We also provide here an example of PAL calculation for real-world data. We extracted gene expression data for gastric cancer samples (n = 16; Sorokin et al., 2020b) together with gene expression profiles of healthy stomach (n = 7) samples of patients who died in road accidents (Suntsova et al., 2019), that were sequenced using the same equipment and protocols. Cancerous samples were marked as “Tumour_” and normal samples – as “Norm_.” Then we calculated PAL values (3,044 for each sample) for all molecular profiles using the above software, which produced an output file “pal.csv” (Supplementary Dataset 1).

Discussion

We propose here the recursive algorithm for functional annotation of the molecular pathway nodes, and its application to annotation of 3,044 human molecular pathways, including signaling, metabolic, and DNA repair pathways extracted from six major pathway hubs (Table 1). The ARR-annotated pathways can be used for further calculations of PALs using high-throughput gene expression data, e.g., RNA sequencing or proteomic profiles (Buzdin et al., 2018; Figure 2). To this end, several previously published bioinformatic methods can be employed (Buzdin et al., 2014a; Ozerov et al., 2016; Borisov et al., 2020), and the PAL values returned can be applied for a variety of applications including fundamental research (Pasteuning-Vuhman et al., 2017), drug development (Aliper et al., 2017a; Ravi et al., 2018; Bakula et al., 2019), and personalized medicine (Poddubskaya et al., 2019a; Moisseev et al., 2020). Technically, PAL values can be used as the next-generation molecular biomarkers (Aliper et al., 2017b; Borisov et al., 2017; Sorokin et al., 2020c) or as the substrates for various machine learning applications (Borisov et al., 2018; Tkachev et al., 2018).

FIGURE 2
www.frontiersin.org

Figure 2. Node activation of Growth Hormone Signaling Pathway for gastric cancer sample GC.11_S19_R1_001 from Sorokin et al. (2020b). Node activation is a sum of logarithmic case-to-norm ratio (CNR) for all genes in the node. CNR is ratio of expression levels in tumor sample and averaged normal sample. The RNA sequencing tumor profile (gastric cancer) was obtained from Sorokin et al. (2020b). The RNA sequencing profiles of normal gastric tissue were obtained from Oncobox Atlas of Normal Tissue Expression (ANTE) data (Suntsova et al., 2019). Different edge colors indicate edge attribute: green is for “activation,” red is for “inhibition.” Structure of the Growth Hormone Signaling Pathway is derived from Qiagen Pathway Central.

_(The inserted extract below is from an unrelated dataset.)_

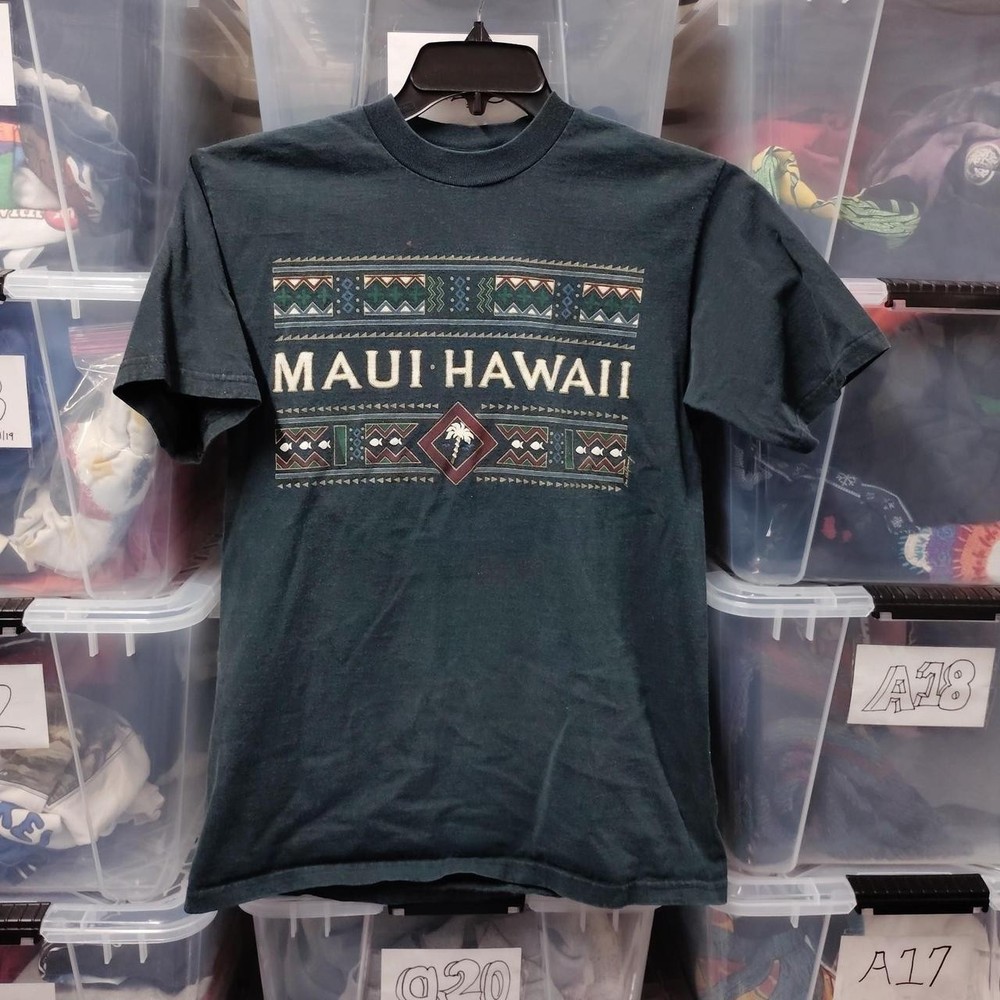 Maui Hawaii Tropical Destination Shirt Vtg Jerzees Tag Medium,  A294ed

The proposed algorithm is suitable for the analysis of pathways with already established gene content and known topology of its molecular components. The algorithm can be used for agnostic objective characterization of interacting gene networks. The underlying rationale allows reducing operator’s errors and subjectivity in annotating the molecular roles of pathway components, which are inevitable in case of manual curation of the pathway graphs including hundreds of nodes. Another advantage is the pathway-centric approach during annotation, when gene product role in one pathway can be different from its role in another pathway.

The major limitations deal with the algorithm applicability only for the tasks of further calculations of pathway activation scores/ranks. Such an approach also does not address the issue of crosstalk between different molecular pathways, because all pathways are analyzed separately.

In this study, we annotated a collection of previously published human molecular pathways (Supplementary Dataset 1). We plan to update the current human knowledgebase annually with new releases of already included datasets and addition of new pathway collections, e.g., recently published by Wishart et al. (2020). However, the method proposed here can be used to characterize any new set of molecular pathways with the connectivity and pairwise nodes activation/inhibition information not only for the human interactome, but also for the other biological objects under investigation.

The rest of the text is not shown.